▶ Description of the task: From the line below containing "Living - 5357" to the final line, print each line exactly as written. No pictures belong in the copy.

════════════════════

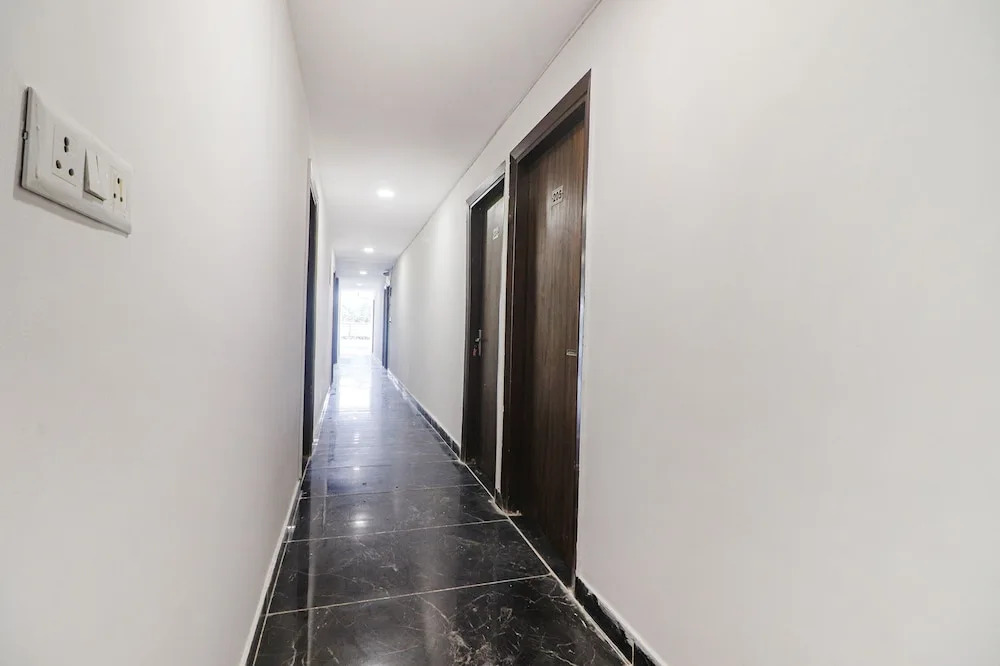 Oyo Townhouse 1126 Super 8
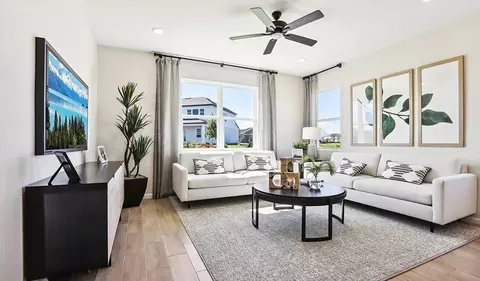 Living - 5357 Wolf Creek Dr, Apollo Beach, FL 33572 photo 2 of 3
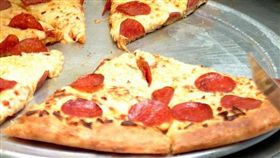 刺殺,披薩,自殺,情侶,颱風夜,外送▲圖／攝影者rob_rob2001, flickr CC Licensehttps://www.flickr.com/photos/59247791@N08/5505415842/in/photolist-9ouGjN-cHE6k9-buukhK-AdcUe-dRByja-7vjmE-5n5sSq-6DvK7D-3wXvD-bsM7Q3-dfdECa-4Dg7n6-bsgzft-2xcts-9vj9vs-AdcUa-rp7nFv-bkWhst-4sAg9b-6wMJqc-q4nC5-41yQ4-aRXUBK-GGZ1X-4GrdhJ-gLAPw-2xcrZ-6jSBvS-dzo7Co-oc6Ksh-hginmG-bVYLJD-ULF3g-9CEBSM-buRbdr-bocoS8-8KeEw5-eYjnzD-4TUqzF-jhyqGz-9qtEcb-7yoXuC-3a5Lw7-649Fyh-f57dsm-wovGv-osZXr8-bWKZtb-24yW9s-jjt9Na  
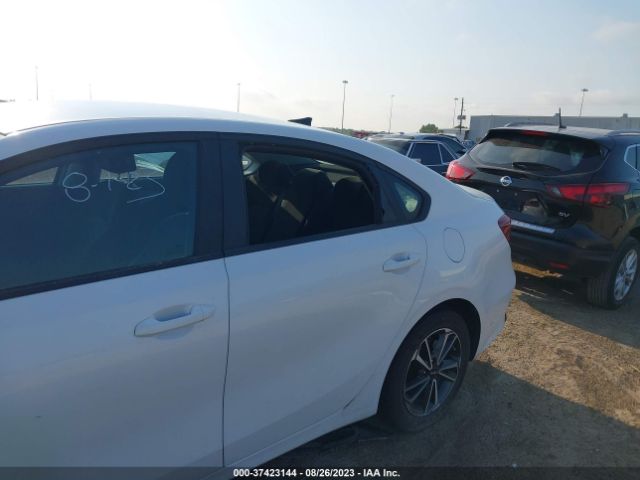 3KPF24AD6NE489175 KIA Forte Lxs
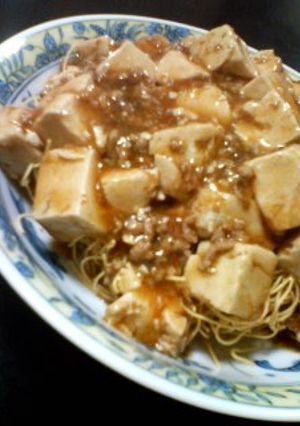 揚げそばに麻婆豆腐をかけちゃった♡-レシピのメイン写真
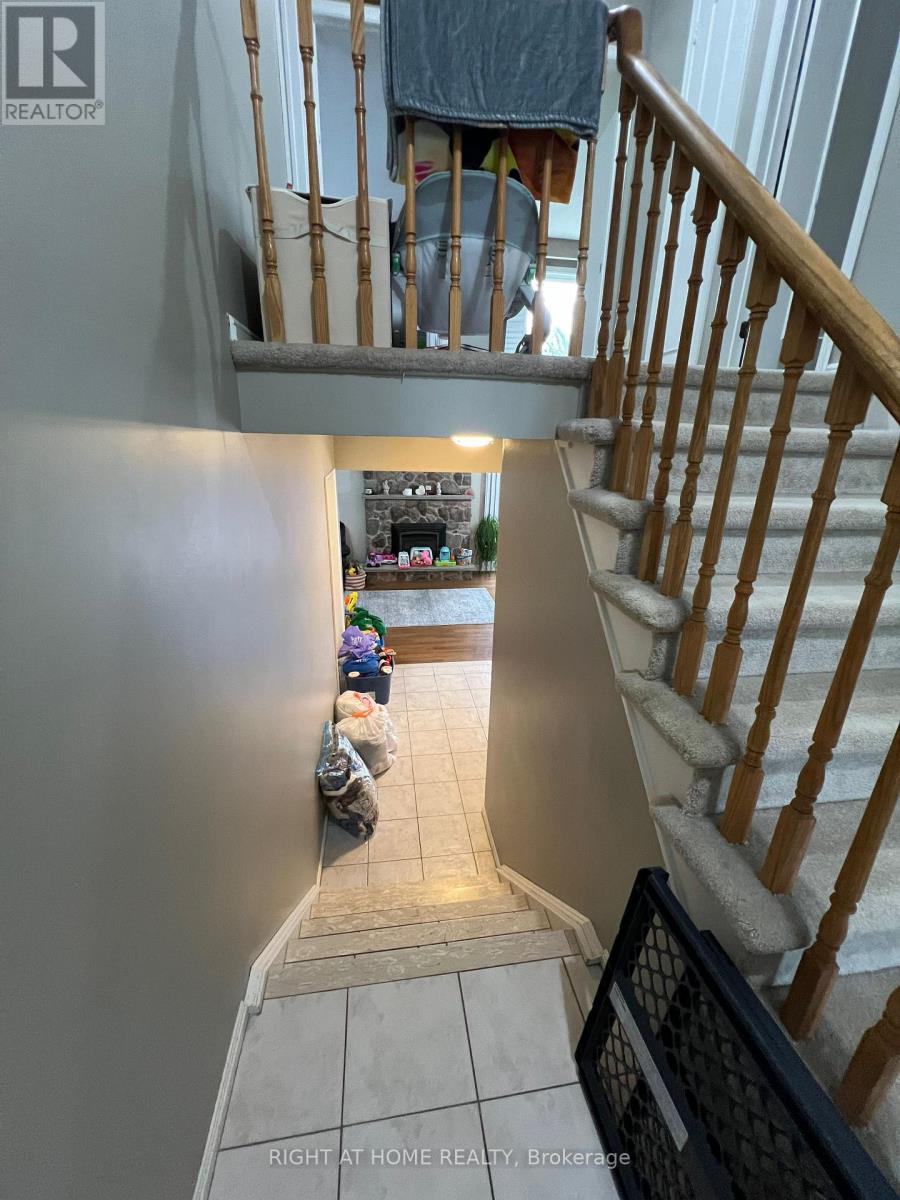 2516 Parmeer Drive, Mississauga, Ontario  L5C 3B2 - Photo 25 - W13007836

════════════════════

▶ Solution to the problem:
 Living - 5357 Wolf Creek Dr, Apollo Beach, FL 33572 photo 2 of 3
 刺殺,披薩,自殺,情侶,颱風夜,外送▲圖／攝影者rob_rob2001, flickr CC Licensehttps://www.flickr.com/photos/59247791@N08/5505415842/in/photolist-9ouGjN-cHE6k9-buukhK-AdcUe-dRByja-7vjmE-5n5sSq-6DvK7D-3wXvD-bsM7Q3-dfdECa-4Dg7n6-bsgzft-2xcts-9vj9vs-AdcUa-rp7nFv-bkWhst-4sAg9b-6wMJqc-q4nC5-41yQ4-aRXUBK-GGZ1X-4GrdhJ-gLAPw-2xcrZ-6jSBvS-dzo7Co-oc6Ksh-hginmG-bVYLJD-ULF3g-9CEBSM-buRbdr-bocoS8-8KeEw5-eYjnzD-4TUqzF-jhyqGz-9qtEcb-7yoXuC-3a5Lw7-649Fyh-f57dsm-wovGv-osZXr8-bWKZtb-24yW9s-jjt9Na  
 3KPF24AD6NE489175 KIA Forte Lxs
 揚げそばに麻婆豆腐をかけちゃった♡-レシピのメイン写真
 2516 Parmeer Drive, Mississauga, Ontario  L5C 3B2 - Photo 25 - W13007836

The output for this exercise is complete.